In order to produce a microstructure heat exchanger 5 from the microstructure according to FIG. 1, two graphite foils 14 made of previously expanded graphite are first prepared, between which the hollow fiber structure 10 is arranged. This is explained with the aid of FIG. 2a. Expanded graphite is understood to mean flake-like graphite which has a typical bulk density of approximately 2 g / 1 to 200 g / 1 and which was formed, for example, from graphite flakes so-called graphite salt soaked in acid, which, for example, at high temperatures 1200 ° C have been expanded like a shock.

The hollow fiber structure 10 is further preferably placed between the graphite foils 14 in such a way that the tubes 13 lie between the foils 14, while the discharge line 11 and the feed line 12 are not covered by the graphite foils 14.

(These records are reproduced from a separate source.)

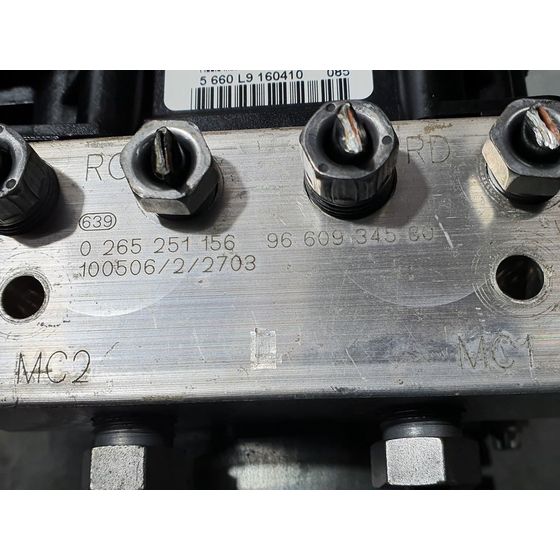 Abs Para Citroen C4 Picasso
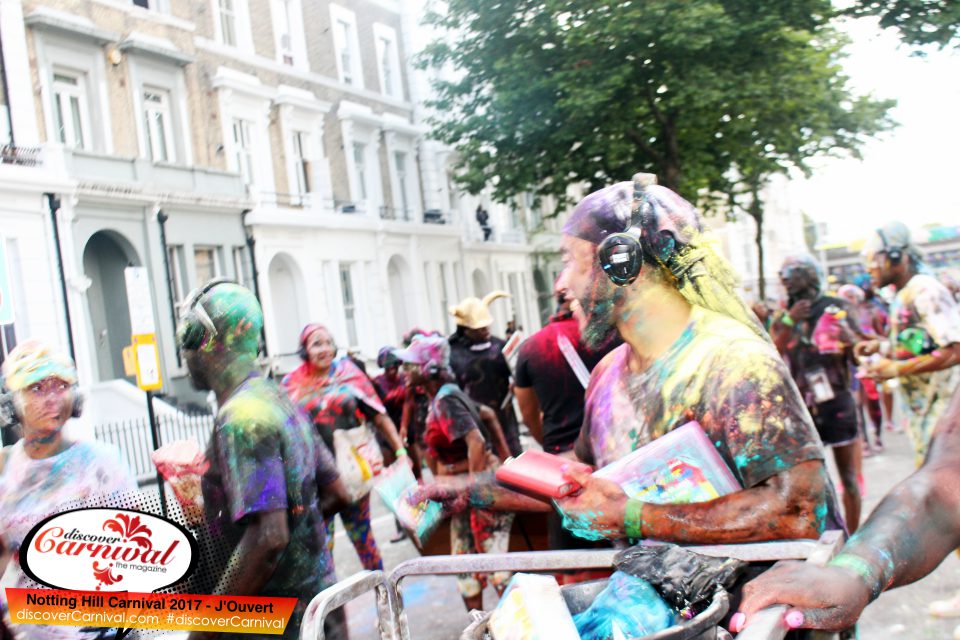 London's Notting Hill Carnival 2017.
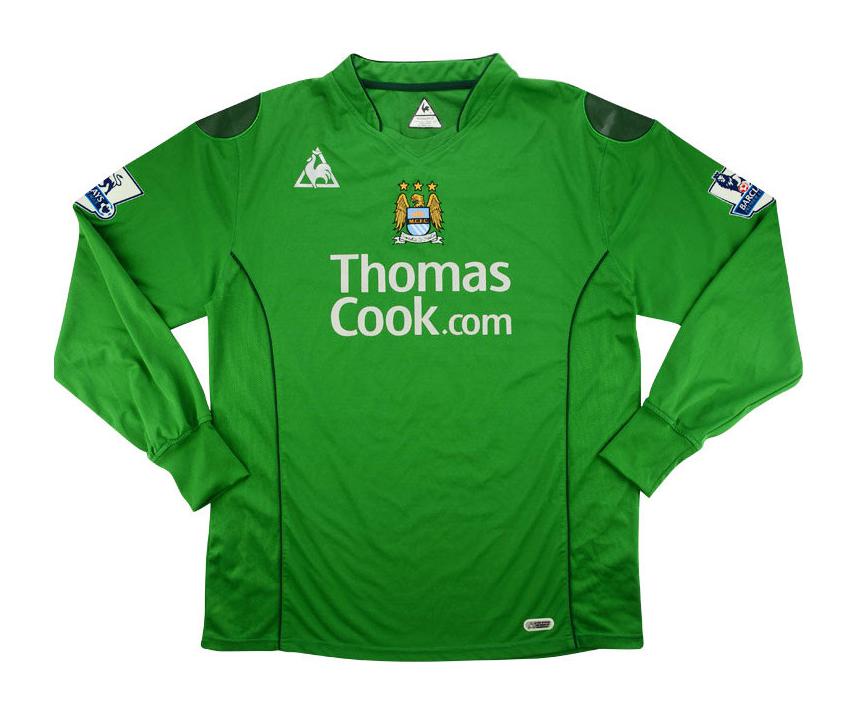 Equipación de portero de Man City 07-08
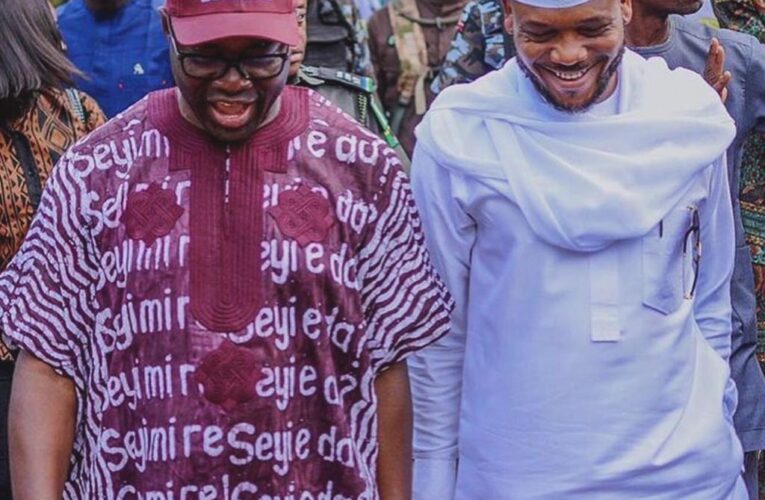 Peller congratulates Makinde on being named Governor of the Year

In detail, according to FIG. 2a, it is provided that the hollow fiber structure 10 is first arranged between two lightly pressed graphite foils 14 made of expanded graphite, and then these two graphite foils 14 are pressed together with the hollow fiber structure 10. With this pressing, no additional binder is required due to the elasticity and the plastic formability of the graphite foils 14. In addition, the elasticity of the graphite foils 14 used ensures a particularly good thermal coupling of the tubes 13 to the graphite foils 14, so that a very effective supply of heat or heat dissipation results from the matrix body 15 formed after the graphite foils 14 have been pressed with the hollow fiber structure 10. The matrix body 15 formed in the form of a plate after the pressing is shown in FIG. 2b.

As an alternative to the pressing of two flat graphite foils 14 according to FIG. 2a, at least one of these two graphite foils can likewise be provided with a negative structuring corresponding to the arrangement of the tubes 13 of the hollow fiber structure 10 before the pressing. In this way, the press with a lower pressing force possible, and it reduces the risk of damage to the hollow fiber structure 10 caused by the pressing. The negative structuring of at least one of the graphite foils 14 can take place, for example, by appropriate embossing with a printing structure or stamp corresponding to the hollow fiber structure 10.

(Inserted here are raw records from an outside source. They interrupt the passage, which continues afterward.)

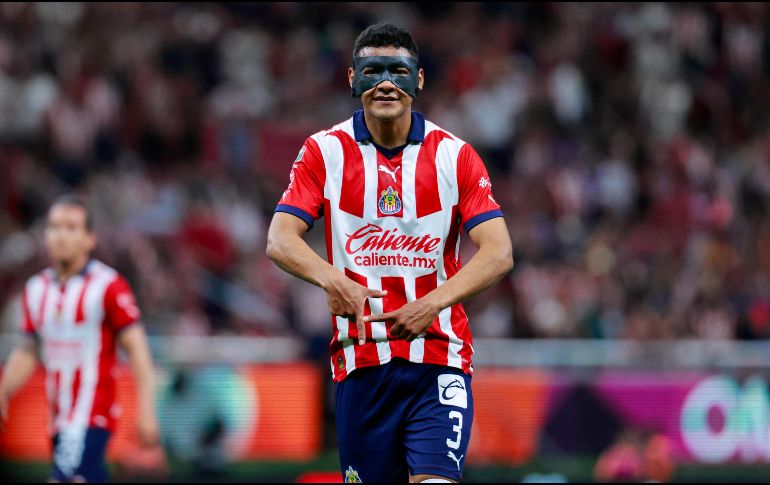 Gilberto Sepúlveda seguirá defendiendo los colores rojo y blanco por varios torneos más. IMAGO7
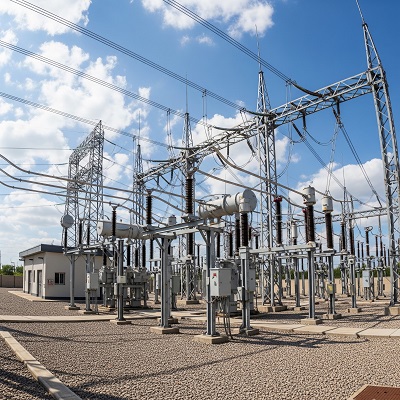 Портальные конструкции, Открытые распределительные устройства (ОРУ) Айронвэй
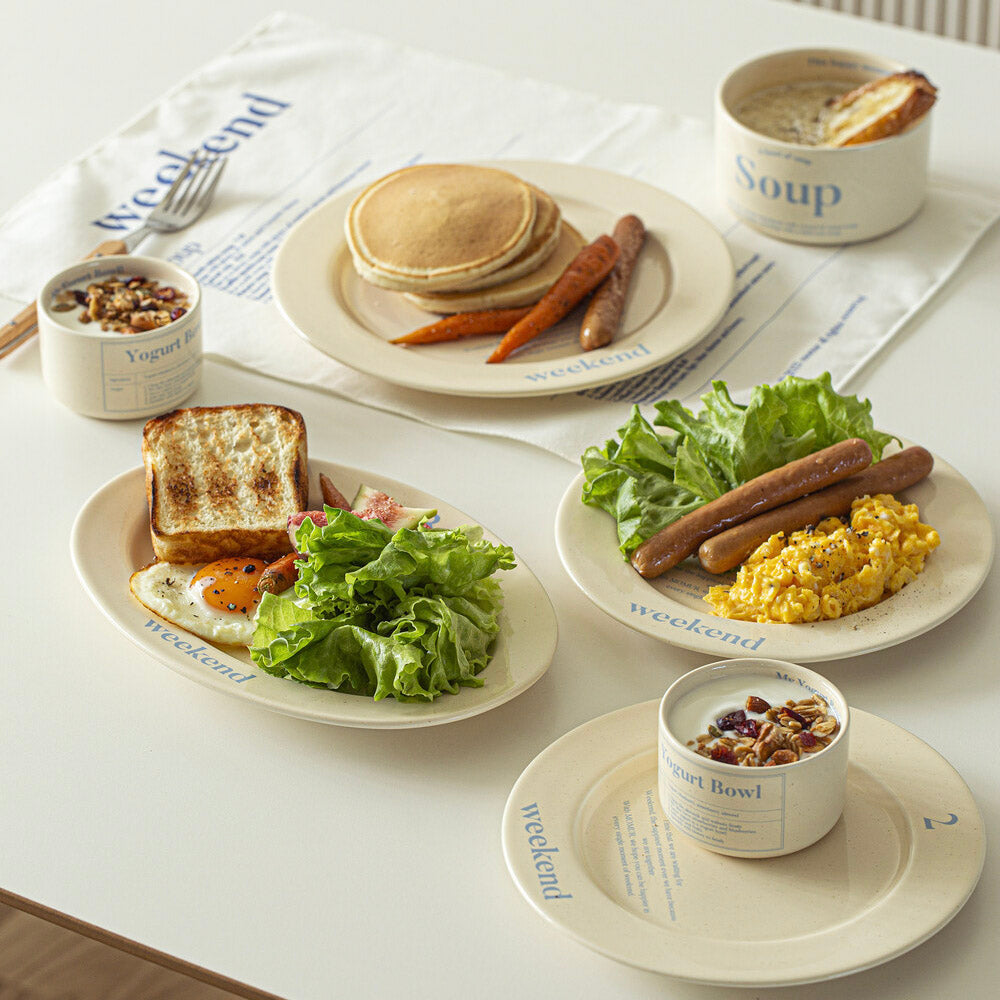 'Butter' Yogurt Bowl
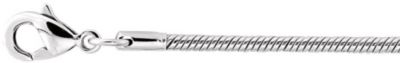 Stainless Steel Snake Chain with Lobster Clasp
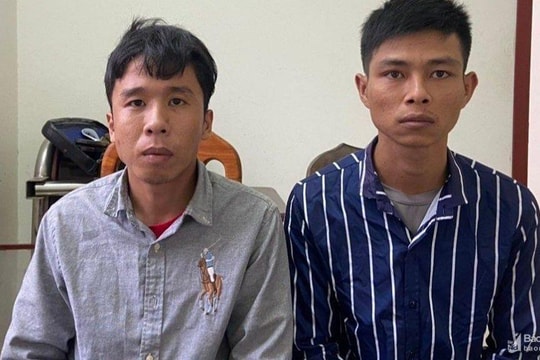 2 thanh niên lừa đảo bằng chiêu bán gạo nếp qua Zalo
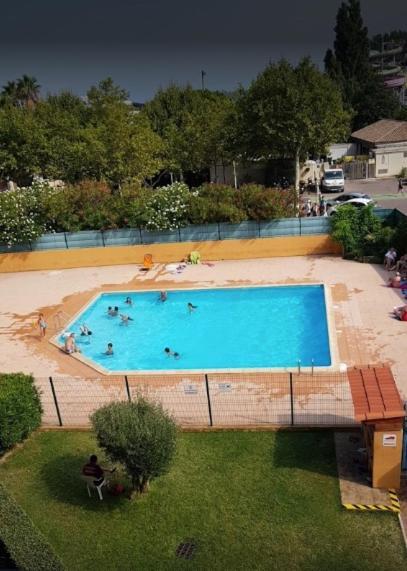 Le Sopraland 419, T2 Climatise, Piscine, Parking Apartment Агде Екстериор снимка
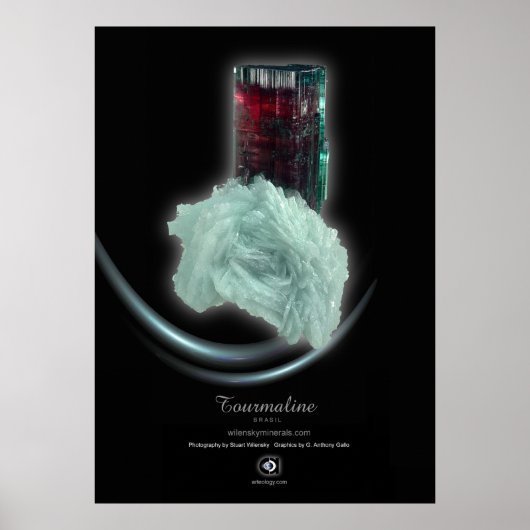 TOURMALINE POSTER (Voorkant)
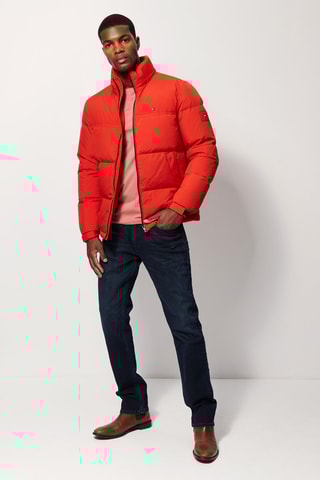 Doudoune Rouge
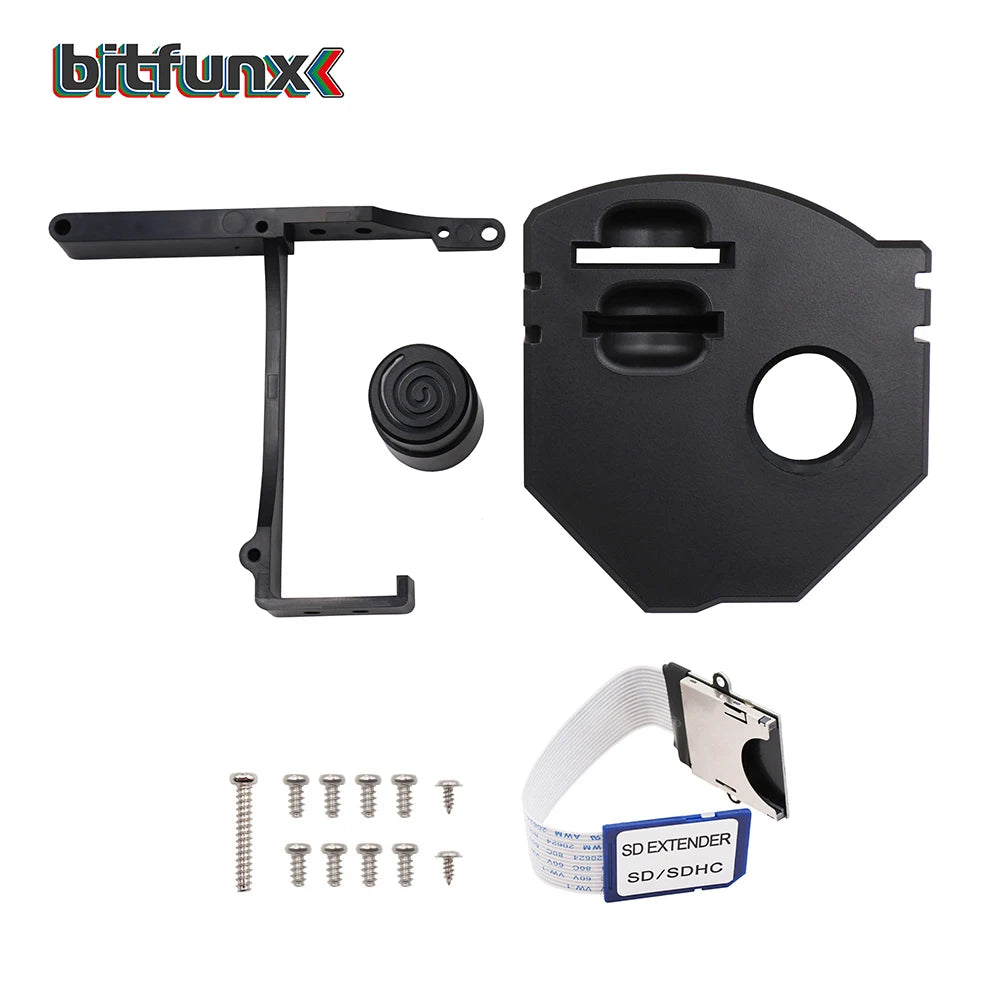 BitFunx GDEMU Mount Kit Remote SD Card Extension Cable For S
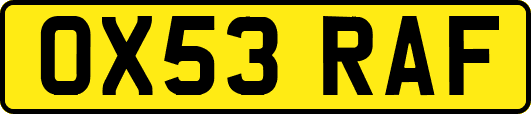 OX53RAF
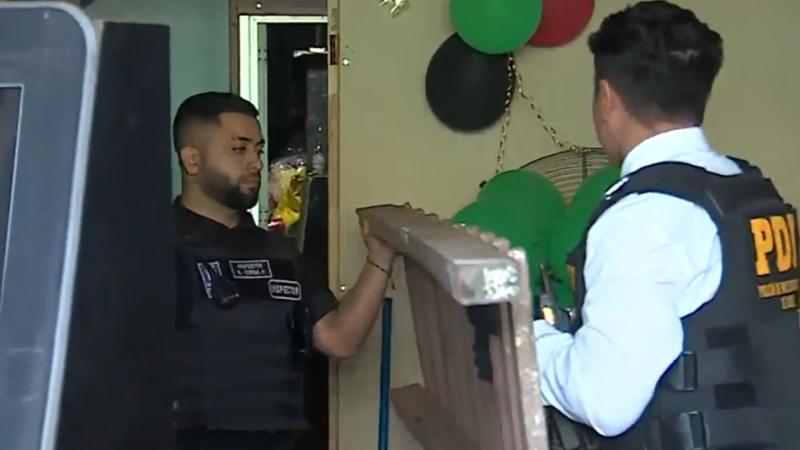 Casino clandestino de Estación Central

It is obvious that the production method presented is suitable for largely any hollow fiber structures 10 and, in addition to graphite, also for other matrix bodies or foils as matrix partial bodies before pressing, which are both elastic or plastically formable, and one which is sufficiently good for heat exchangers Have thermal conductivity.

In this respect, the microstructure heat exchanger 5 according to the invention is not limited to a fluid or gas flow according to FIG. 1.

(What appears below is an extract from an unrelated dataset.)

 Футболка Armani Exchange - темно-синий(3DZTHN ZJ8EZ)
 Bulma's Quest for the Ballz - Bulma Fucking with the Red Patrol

FIG. 3 explains how cooling of a cooling component in the form of a cooling plate 17 takes place with the matrix body 15 produced. For this purpose, the cooling plate 17 is pressed with a suitable contact pressure with the matrix body 15, the cooling plate 17 being thermally coupled to the matrix body 15. The good thermal coupling results from the elasticity and thermal conductivity of the graphite used. Instead of the cooling plate 17, an electronic power component such as a transistor or an integrated circuit can also be provided, the electrical connections of which are then preferably located on the surface facing away from the matrix body 15. 3 can further improve the thermal coupling between the matrix body 15 and Cooling plate 17 can also be provided that a layer of a thermal conductive paste 16 is applied to the matrix body 15. In many cases, however, the use of such conductive pastes is not desirable, since on the one hand they have a lower thermal conductivity than graphite and on the other hand they are often viscous, so that they tend to flow in long-term stability tests.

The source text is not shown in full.